Start of Exercise data
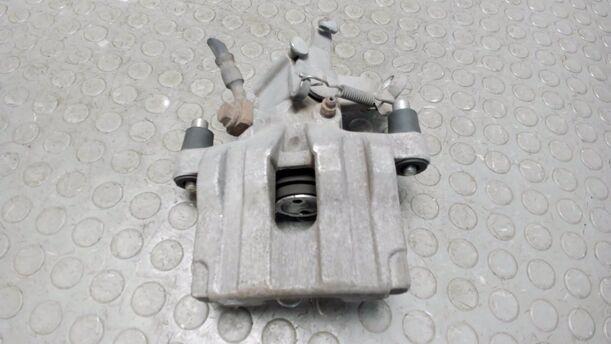 Foto: BREMSSATTEL HINTEN RECHTS eines Opel Vectra 1.8 GL
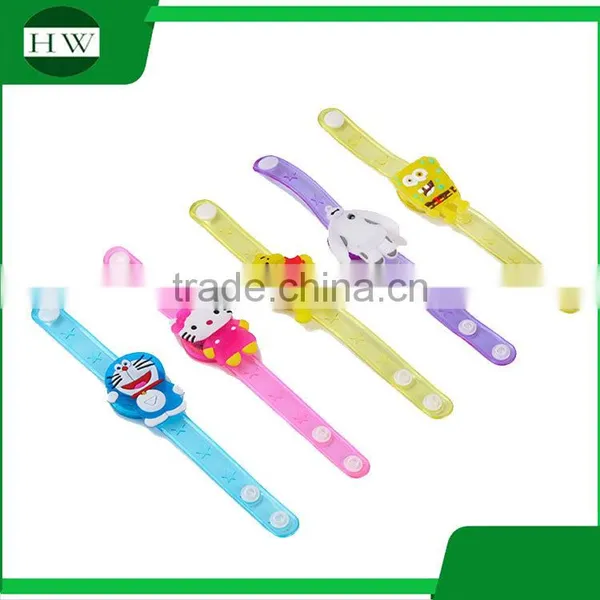 Promotional Christmas Gifts Customized Kids Play Cartoon Silicon LED Glow Bracelet photo-4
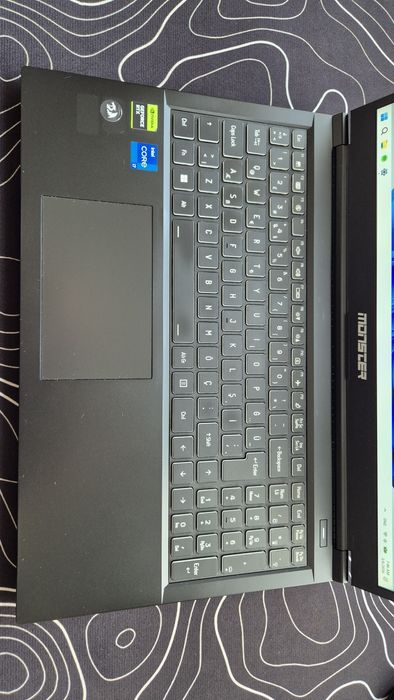 Laptop Gaming RTX 4060 / i7 / 32GB RAM / 1TB SSD – Monster Tulpar T5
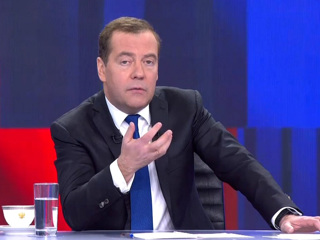 Медведев: в Европу вернулся призрак коммунизма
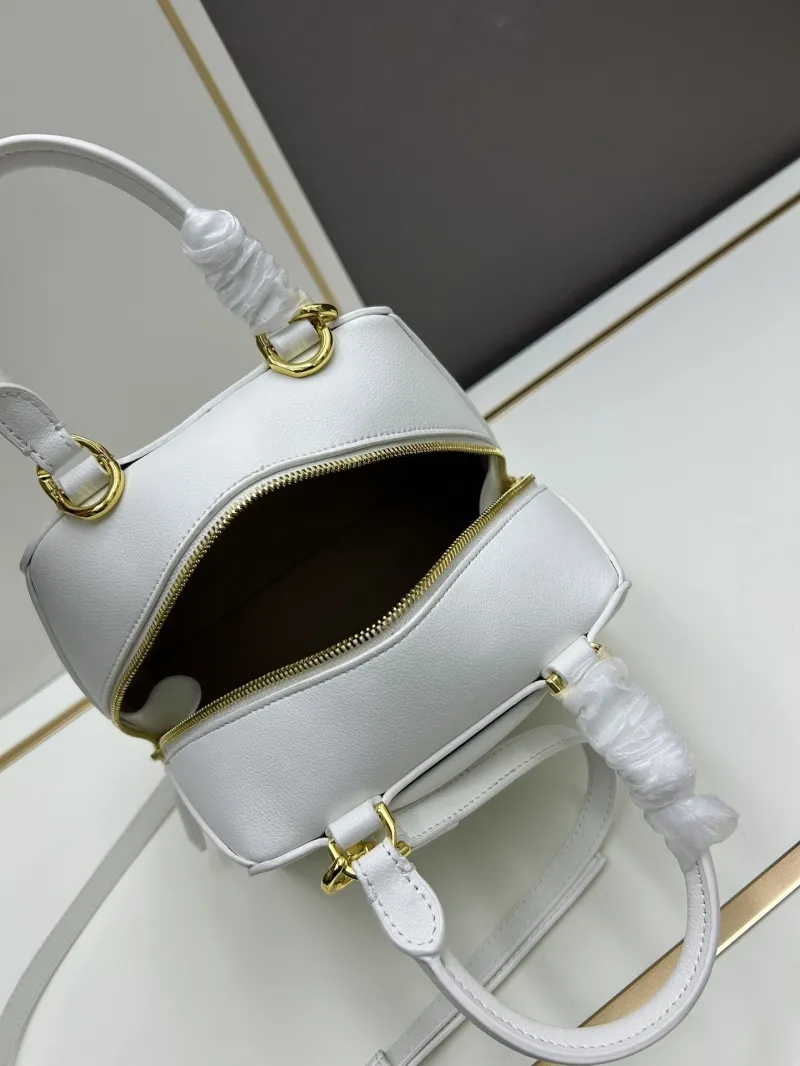 Givenchy White Leather Handbag with Shoulder Strap 22x19x13.5cm - Image 7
End of Exercise data
→ Required action: With pictures left out, transcribe each line from the one containing "Laptop Gaming RTX" through the end of the data, both ends included.

→ Written response:
 Laptop Gaming RTX 4060 / i7 / 32GB RAM / 1TB SSD – Monster Tulpar T5
 Медведев: в Европу вернулся призрак коммунизма
 Givenchy White Leather Handbag with Shoulder Strap 22x19x13.5cm - Image 7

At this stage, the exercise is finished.